Introduction
An oil circuit breaker (OCB) is a type of circuit breaker that uses oil as an arc extinguishing medium. In electrical power systems, circuit breakers play a crucial role in protecting the system from faults by interrupting the flow of electricity during abnormal conditions like overloads or short circuits. The breaker’s contacts are isolated within an insulating oil. The circuit breaker’s contacts are opened under the insulating oil during a fault, creating an arc that generates heat and is dissipated by the surrounding oil. Oil circuit breakers are widely used in medium and high-voltage systems and are known for their reliability in handling large fault currents.
This article explores the construction, working, and types of oil circuit breakers in detail.
What is an Oil Circuit Breaker?
Definition and Basic Function
An oil circuit breaker is a device designed to interrupt electrical circuits under fault conditions.

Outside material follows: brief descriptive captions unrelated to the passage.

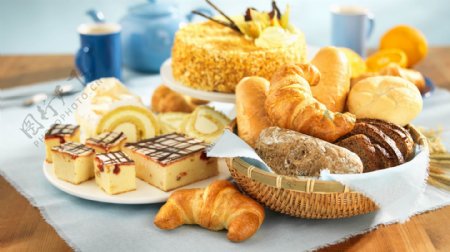 早餐面包和蛋糕图片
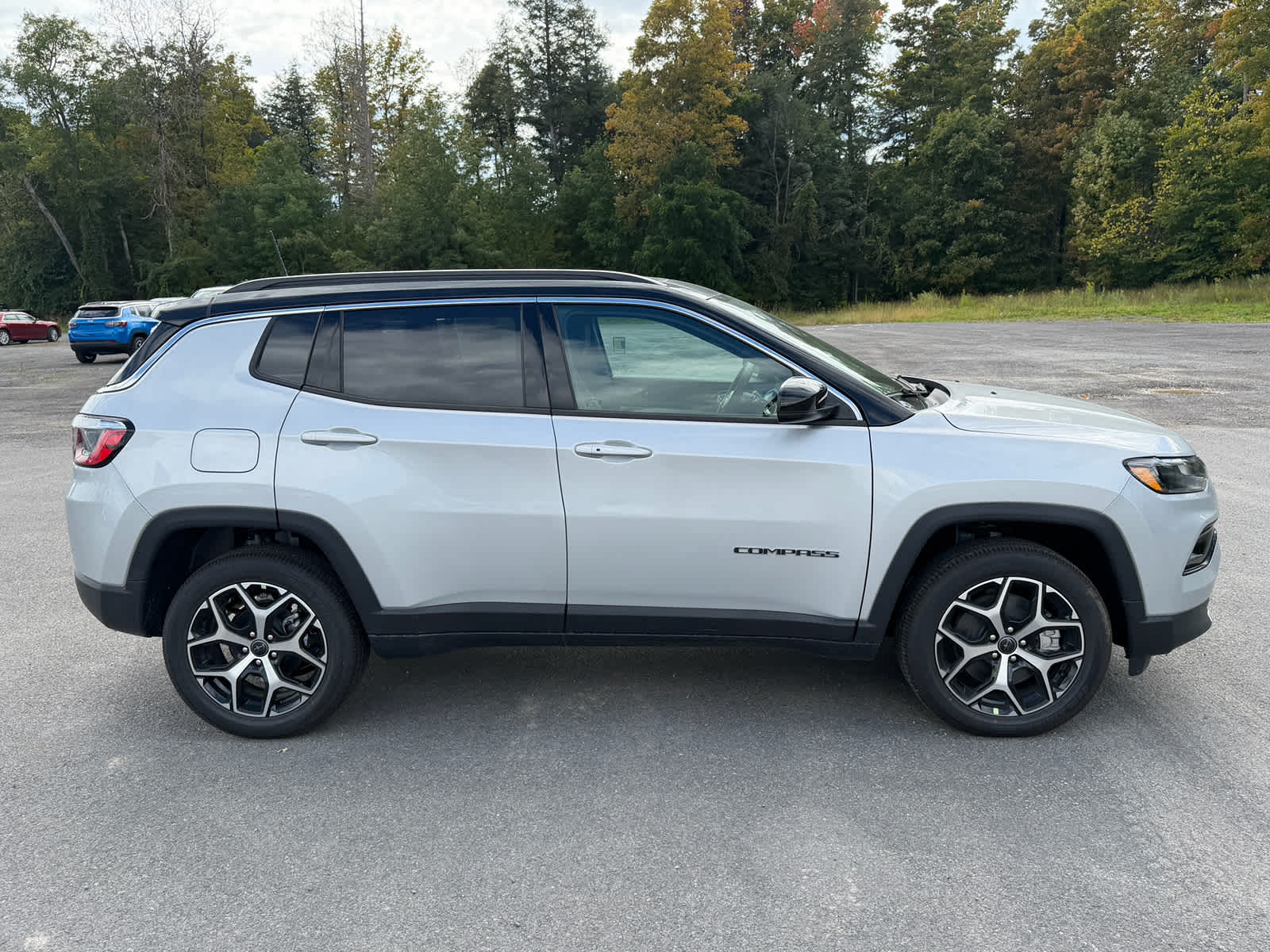 2026 Jeep Compass COMPASS LIMITED 4X4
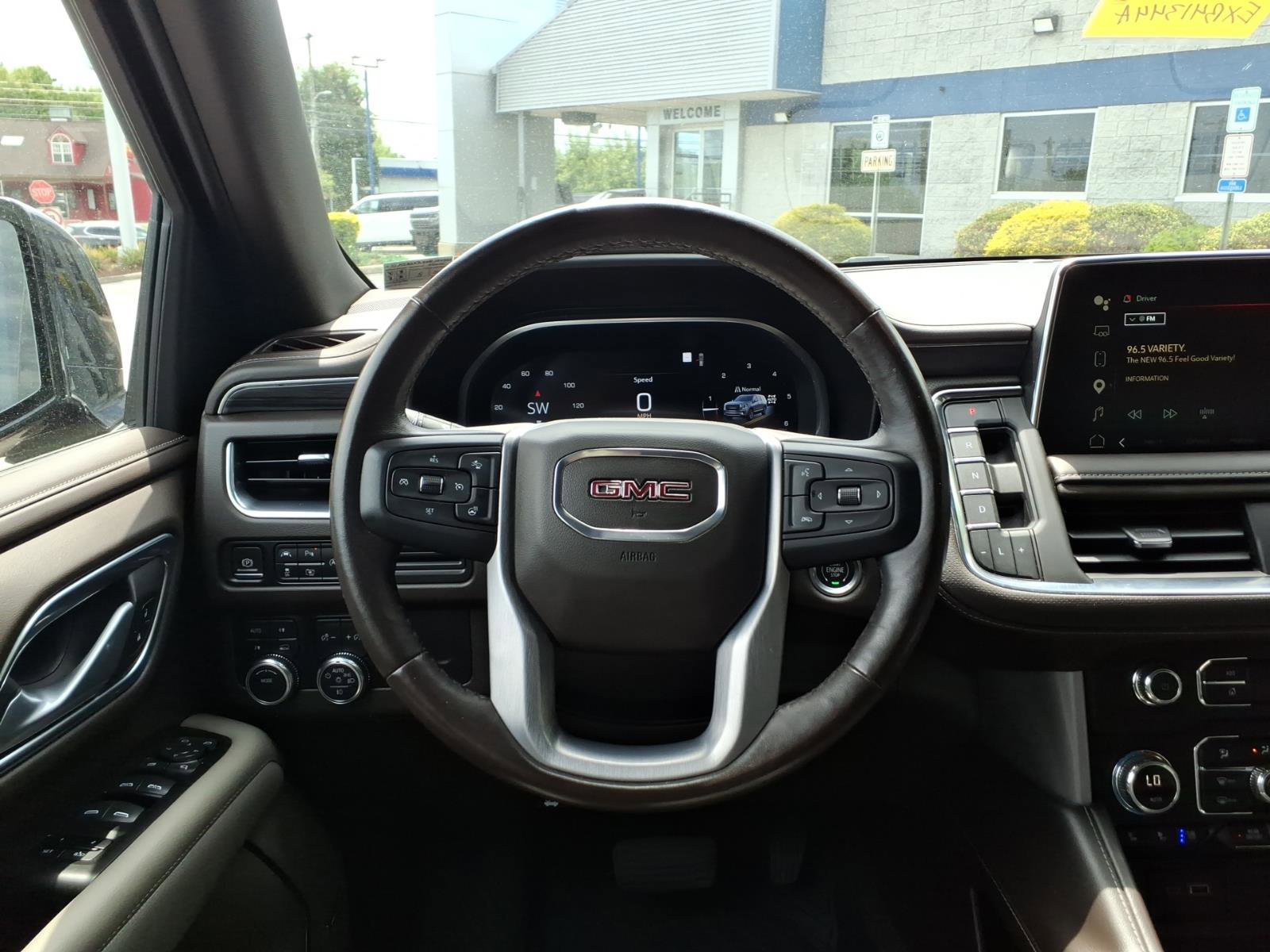 Used 2022 GMC Yukon XL SLT w/ SLT Premium Package AWD/4WD image 14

It uses oil as the insulating medium and as the arc extinguisher when the contacts separate. When a fault occurs, the breaker separates the contacts, and the resulting arc is extinguished within the oil, which helps absorb the heat and prevent the arc from continuing.
Purpose in Power Systems
Oil circuit breakers are integral to power systems, particularly in substations and power generation plants, where they protect critical equipment from high currents. By breaking the circuit during faults, they prevent potential damage to transformers, generators, and other components.
Construction of Oil Circuit Breaker
Major Components
Tank:
The core of the oil circuit breaker is the tank, which holds the oil used for arc quenching and insulation. The breaker has current-carrying contacts enclosed in this oil-filled tank. The tank is typically made of steel and designed to withstand high pressures caused by the decomposition of oil during arc quenching.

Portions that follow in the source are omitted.